Verdi’s “Nabucco” is a stirring operatic take on ages old stories of war, love and faith
- Written by Tina Farmer
Union Avenue Opera presents Verdi’s first successful opera, “Nabucco,” which tells a story of family division and greed set against the backdrop of the war waged by the King of Babylon against the people of Jerusalem. The story of passion and greed gets an impressive interpretation in the opera’s fast-moving, emotionally evocative production.
Zaccaria, the high priest, has captured Nabucco’s daughter and is holding her prisoner in the hopes of negotiating peace through the return of the girl to her father. But Fenena has secretly fallen in love with Ismaele, the king of Jerusalem’s nephew, and accepted the Hebrew god as her own. Her half sister Abigaille, a fierce warrior with eyes on the throne, bursts into the temple and threatens to destroy it unless Ismaele abandons Fenena and swears his love to her, but he will not.
Abigaille is victorious and Nabucco in a fit of arrogance and anger claims that he is equal to god, causing him to be struck by lightening and grievously injured. Abigaille quickly grabs the crown and begins her rule by sentencing Fenena to death. On realizing he has signed the document sealing his daughter’s fate, Nabucco becomes clear headed, gathers loyal members of his guard to help him save his daughter and accepts the Hebrew god. But is it enough to rescue Assyria from the vengeful and ruthless hands of Abigaille?
Verdi’s music is inherently complex and following each theme requires strict attention. The opera is filled with both reverence and war and begins with an overture that introduces the major themes of each character. The music builds with precision and the layered themes of the principle characters are supported by an enveloping orchestral arrangement that supports each of the contrasting melodies. Strong performances from Marsha Thompson as Abigaille, Robert Garner as Nabucco, Melody Wilson as Fenena, Jesse Donner as Ismaele and Zachary James as Zaccaria help audience members follow along, aided by the translated subtitles.

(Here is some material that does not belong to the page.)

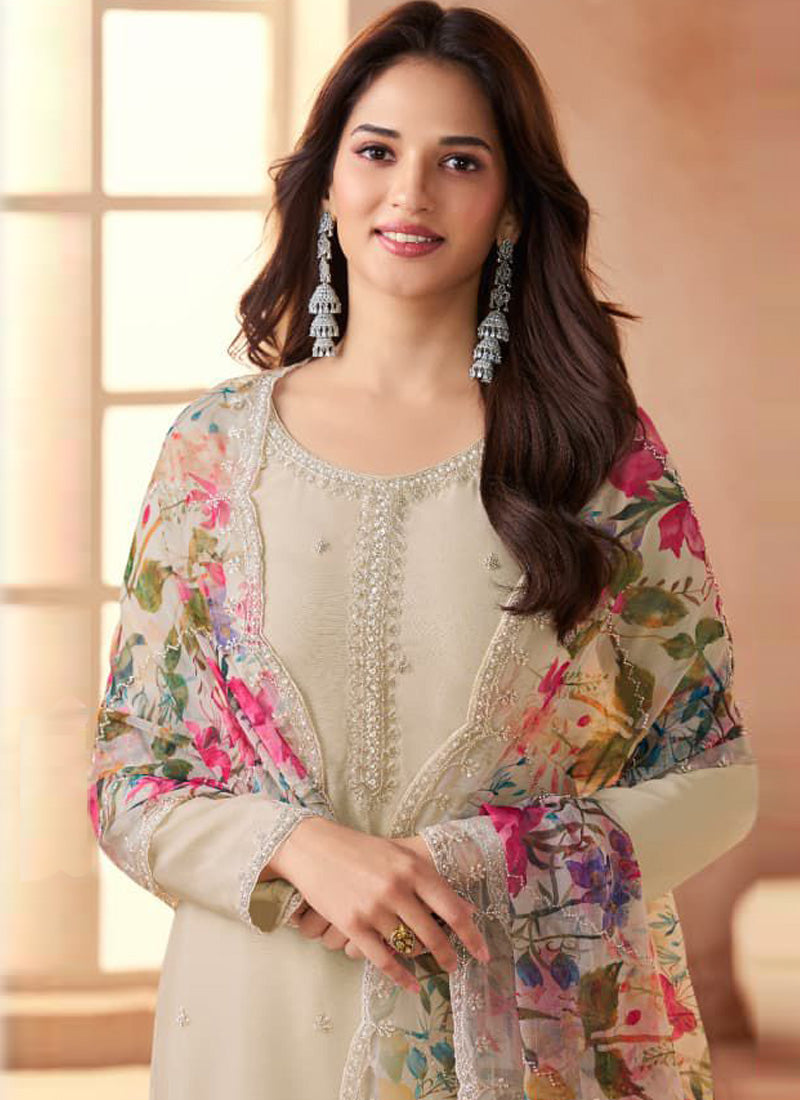 Cream Soft Chiffon Salwar Suit for Elegant Ethnic Occasions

Each of the leads has a firm understanding of their role both from the standpoint of classic opera and as characters in an interwoven story.
Though the show features multiple plots, this story is clearly centered on the struggle for the crown between Abigaille and Nabucco. Thompson and Garner carry the lion’s share of the vocal leads and major arias in the performance. Thompson shines as the slave turned regent. Her soprano bold and clear, she effortlessly hits and sustains each note without wavering and there’s a ferocity to her performance that’s thoroughly captivating. Garner counters with a resonant voice and a bass to baritone range that enables him to easily move from his highest to lowest moments. Together, they create distinct, compelling characters, their animosity palpable and their clash clearly unavoidable.
Wilson is endearing as the young Fenena, and she’s a lovely mezzo-soprano who acts convincingly. A number of her most important character moments are conveyed without speech making her pure, vulnerable singing all the more effective. Donner, a striking tenor, complements Wilson ever so gracefully. James is an imposing figure with a deep, rich bass and height to tower over the others, adding gravitas to his youthful portrayal of the high priest. Though it is occasionally difficult to understand him in the lower end of his range, his notes are true.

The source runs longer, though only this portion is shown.